As usage of Big Data with platforms such as Hadoop and Apache Spark becomes more mainstream, a clarification of the separation of duties between IT organizations and data scientists needs to emerge. IT operations teams should exert more control over data preparation, which in turn will free up the data scientist to spend more time analyzing data versus massaging it.
With that construct in mind, Pentaho, a unit of Hitachi Corp., today announced Pentaho Business Analytics 7.0, which provides a set of visual tools that makes it simpler for IT operations teams to manage the flow of data within any given pipeline.
Chuck Yarbrough, senior director of solutions marketing and management for Pentaho, says with this release of its analytics software, Pentaho is moving more of the data preparation process into a discrete set of functions that internal IT operation teams can use without having to master arcane extract, transform and load (ETL) tools.

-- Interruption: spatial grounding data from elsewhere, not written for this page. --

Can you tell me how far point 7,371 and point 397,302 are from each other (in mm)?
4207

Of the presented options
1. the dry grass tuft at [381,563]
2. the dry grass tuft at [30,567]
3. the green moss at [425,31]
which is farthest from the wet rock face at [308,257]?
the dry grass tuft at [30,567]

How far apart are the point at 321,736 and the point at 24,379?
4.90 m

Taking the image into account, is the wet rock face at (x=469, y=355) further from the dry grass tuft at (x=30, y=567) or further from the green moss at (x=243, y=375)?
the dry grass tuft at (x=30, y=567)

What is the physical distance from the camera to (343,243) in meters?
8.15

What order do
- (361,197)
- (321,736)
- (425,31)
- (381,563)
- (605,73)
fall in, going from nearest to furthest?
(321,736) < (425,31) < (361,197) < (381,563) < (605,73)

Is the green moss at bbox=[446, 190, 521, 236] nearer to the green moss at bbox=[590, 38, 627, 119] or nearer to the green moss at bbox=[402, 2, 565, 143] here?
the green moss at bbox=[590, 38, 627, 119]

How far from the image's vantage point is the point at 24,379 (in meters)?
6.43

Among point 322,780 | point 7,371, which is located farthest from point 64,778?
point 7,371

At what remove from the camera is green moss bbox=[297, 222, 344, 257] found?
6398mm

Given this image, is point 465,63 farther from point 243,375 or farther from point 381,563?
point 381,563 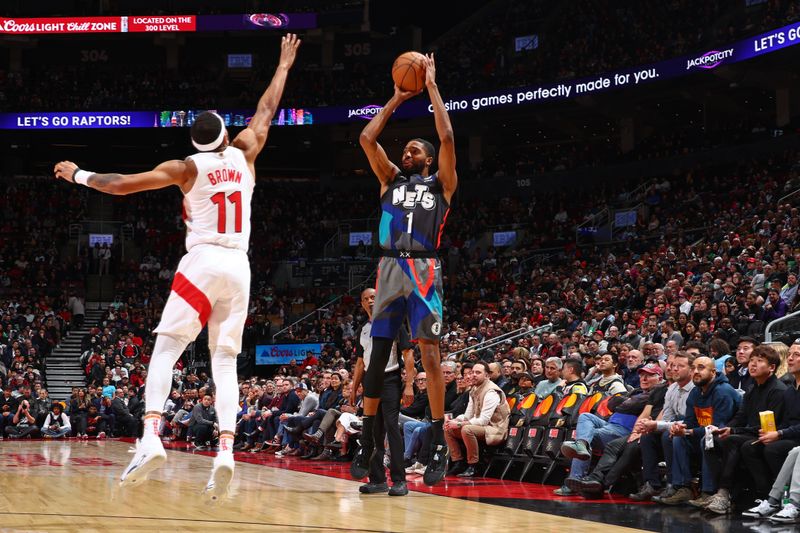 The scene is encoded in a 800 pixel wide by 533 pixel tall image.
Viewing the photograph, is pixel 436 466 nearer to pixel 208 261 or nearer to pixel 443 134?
pixel 443 134

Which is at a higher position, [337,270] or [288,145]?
[288,145]

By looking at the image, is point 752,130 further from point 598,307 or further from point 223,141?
point 223,141

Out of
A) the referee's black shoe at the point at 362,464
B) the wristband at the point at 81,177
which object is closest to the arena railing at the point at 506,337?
the referee's black shoe at the point at 362,464

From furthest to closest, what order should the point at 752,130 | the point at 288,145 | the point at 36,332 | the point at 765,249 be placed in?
the point at 288,145
the point at 752,130
the point at 36,332
the point at 765,249

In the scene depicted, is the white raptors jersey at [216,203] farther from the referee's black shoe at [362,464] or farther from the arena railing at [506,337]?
the arena railing at [506,337]

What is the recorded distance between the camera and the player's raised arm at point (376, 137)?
6.55 metres

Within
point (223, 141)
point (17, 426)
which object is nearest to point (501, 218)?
point (17, 426)

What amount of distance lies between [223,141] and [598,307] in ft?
46.5

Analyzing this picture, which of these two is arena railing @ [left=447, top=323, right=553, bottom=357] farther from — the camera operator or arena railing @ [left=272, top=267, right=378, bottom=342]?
arena railing @ [left=272, top=267, right=378, bottom=342]

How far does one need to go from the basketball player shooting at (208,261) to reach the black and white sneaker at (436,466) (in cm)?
202

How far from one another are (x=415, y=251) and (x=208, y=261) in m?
1.94

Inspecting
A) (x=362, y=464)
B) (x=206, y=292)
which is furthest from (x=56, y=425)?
(x=206, y=292)

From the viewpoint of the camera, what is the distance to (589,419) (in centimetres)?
841

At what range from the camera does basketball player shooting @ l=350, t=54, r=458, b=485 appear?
21.7ft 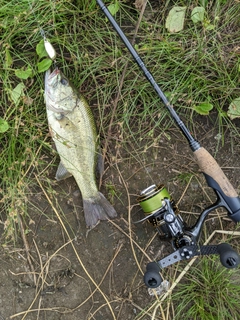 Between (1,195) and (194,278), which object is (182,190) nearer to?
(194,278)

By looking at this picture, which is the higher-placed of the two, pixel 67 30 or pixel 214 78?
pixel 67 30

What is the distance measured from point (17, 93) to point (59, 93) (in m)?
0.33

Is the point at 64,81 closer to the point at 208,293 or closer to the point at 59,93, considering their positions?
the point at 59,93

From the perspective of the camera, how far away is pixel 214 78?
2.73m

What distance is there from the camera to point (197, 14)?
268 cm

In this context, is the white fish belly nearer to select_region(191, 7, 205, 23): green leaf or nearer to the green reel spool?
the green reel spool

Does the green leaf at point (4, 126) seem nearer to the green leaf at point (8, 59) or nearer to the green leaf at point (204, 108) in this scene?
the green leaf at point (8, 59)

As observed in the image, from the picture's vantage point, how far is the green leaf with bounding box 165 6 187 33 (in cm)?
269

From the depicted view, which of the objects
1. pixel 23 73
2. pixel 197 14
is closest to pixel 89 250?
pixel 23 73

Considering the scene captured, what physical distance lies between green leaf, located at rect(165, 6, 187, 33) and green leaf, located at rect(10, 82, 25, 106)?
1032 millimetres

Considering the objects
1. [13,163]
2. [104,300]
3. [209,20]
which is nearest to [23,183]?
[13,163]

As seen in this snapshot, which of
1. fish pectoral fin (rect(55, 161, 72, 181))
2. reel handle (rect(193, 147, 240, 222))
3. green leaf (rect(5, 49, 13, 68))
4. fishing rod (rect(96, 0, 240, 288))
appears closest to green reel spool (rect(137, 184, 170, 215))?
fishing rod (rect(96, 0, 240, 288))

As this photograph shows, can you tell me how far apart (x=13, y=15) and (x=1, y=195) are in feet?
3.84

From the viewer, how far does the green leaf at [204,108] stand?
8.78 feet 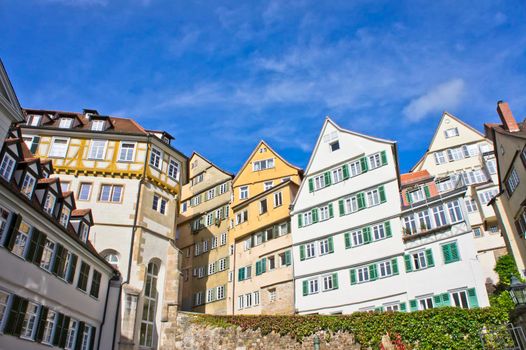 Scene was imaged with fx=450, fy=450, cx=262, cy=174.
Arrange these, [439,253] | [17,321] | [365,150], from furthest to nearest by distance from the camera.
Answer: [365,150] → [439,253] → [17,321]

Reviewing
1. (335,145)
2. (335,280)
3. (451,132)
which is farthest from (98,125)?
(451,132)

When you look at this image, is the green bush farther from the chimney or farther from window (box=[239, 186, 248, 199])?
window (box=[239, 186, 248, 199])

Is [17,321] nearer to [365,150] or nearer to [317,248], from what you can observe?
[317,248]

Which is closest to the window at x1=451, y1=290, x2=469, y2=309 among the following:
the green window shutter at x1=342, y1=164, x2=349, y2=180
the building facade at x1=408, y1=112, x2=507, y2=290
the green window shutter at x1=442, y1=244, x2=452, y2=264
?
the green window shutter at x1=442, y1=244, x2=452, y2=264

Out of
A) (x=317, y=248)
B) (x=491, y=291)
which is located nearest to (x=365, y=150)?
(x=317, y=248)

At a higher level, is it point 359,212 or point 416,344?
point 359,212

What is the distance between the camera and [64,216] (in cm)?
2538

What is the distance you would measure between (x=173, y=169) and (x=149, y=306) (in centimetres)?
1184

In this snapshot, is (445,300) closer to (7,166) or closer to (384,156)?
(384,156)

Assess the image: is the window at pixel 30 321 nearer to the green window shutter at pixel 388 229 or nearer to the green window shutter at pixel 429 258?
the green window shutter at pixel 388 229

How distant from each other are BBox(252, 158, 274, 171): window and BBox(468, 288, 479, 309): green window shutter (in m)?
24.2

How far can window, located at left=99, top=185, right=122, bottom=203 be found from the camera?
3369 cm

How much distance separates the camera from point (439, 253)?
3109 cm

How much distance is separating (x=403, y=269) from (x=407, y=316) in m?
5.74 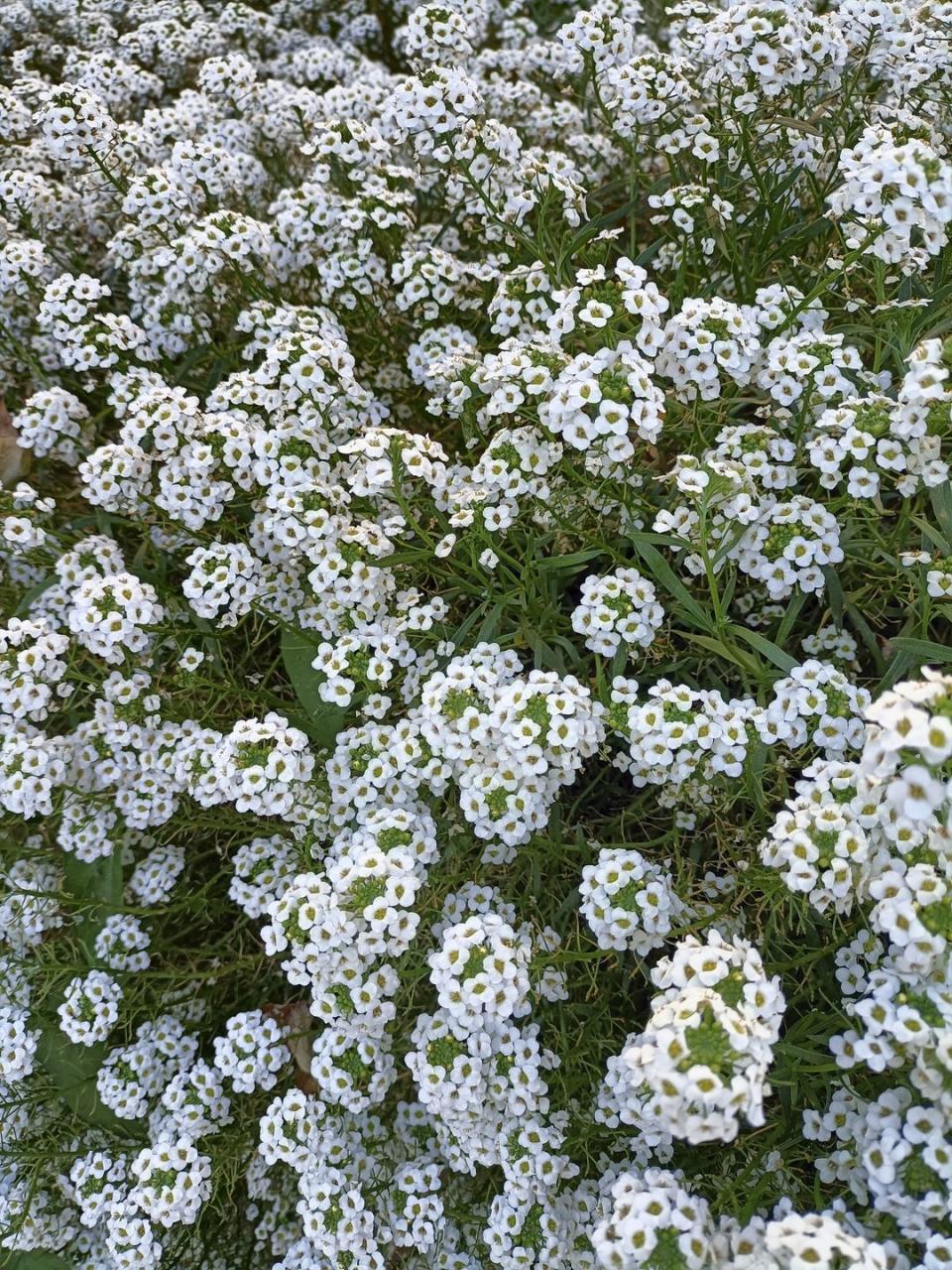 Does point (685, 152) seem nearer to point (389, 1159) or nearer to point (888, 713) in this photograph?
point (888, 713)

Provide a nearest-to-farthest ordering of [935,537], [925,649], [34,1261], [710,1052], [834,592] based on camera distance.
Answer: [710,1052] < [925,649] < [935,537] < [834,592] < [34,1261]

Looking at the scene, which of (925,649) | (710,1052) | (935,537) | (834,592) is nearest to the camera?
(710,1052)

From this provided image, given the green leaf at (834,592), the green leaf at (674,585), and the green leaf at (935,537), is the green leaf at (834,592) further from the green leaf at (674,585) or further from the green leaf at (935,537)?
the green leaf at (674,585)

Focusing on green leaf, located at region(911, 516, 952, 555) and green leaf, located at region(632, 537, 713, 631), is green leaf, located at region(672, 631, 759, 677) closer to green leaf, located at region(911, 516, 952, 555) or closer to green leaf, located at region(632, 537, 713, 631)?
green leaf, located at region(632, 537, 713, 631)

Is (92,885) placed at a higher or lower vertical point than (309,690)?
lower

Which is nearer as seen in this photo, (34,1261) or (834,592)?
(834,592)

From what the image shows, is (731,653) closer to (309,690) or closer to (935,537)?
(935,537)

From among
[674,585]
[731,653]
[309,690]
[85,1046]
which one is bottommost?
[85,1046]

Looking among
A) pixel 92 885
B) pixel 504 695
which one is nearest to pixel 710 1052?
pixel 504 695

“We don’t think you need to have an ETL specialist,” says Yarbrough.
Pentaho Business Analytics makes use of metadata injection techniques developed by Pentaho to make it possible to create a set of graphical tools for managing the data preparation process. The basic idea is to allow internal IT organizations to visually inspect each part of the Big Data preparation process without any help from a data scientist required, says Yarbrough.
A lot of data scientists today spend far too much time on data plumbing issues. At a time when most data scientists earn six-figure salaries to create Big Data analytics applications, using them to perform data preparation and integration tasks is a gigantic waste of time and money. At the same time, it’s apparent that IT organizations now need access to data preparation tools that the average IT generalist can use to accomplish those tasks without necessarily having to master ETL tools that were primarily designed for another data management era.
The challenge is making it possible for data scientists and IT operations teams to work together using a more hand-in-glove approach that ideally removes the data scientist as much as possible from the process of managing the flow of data in and out of any data lake.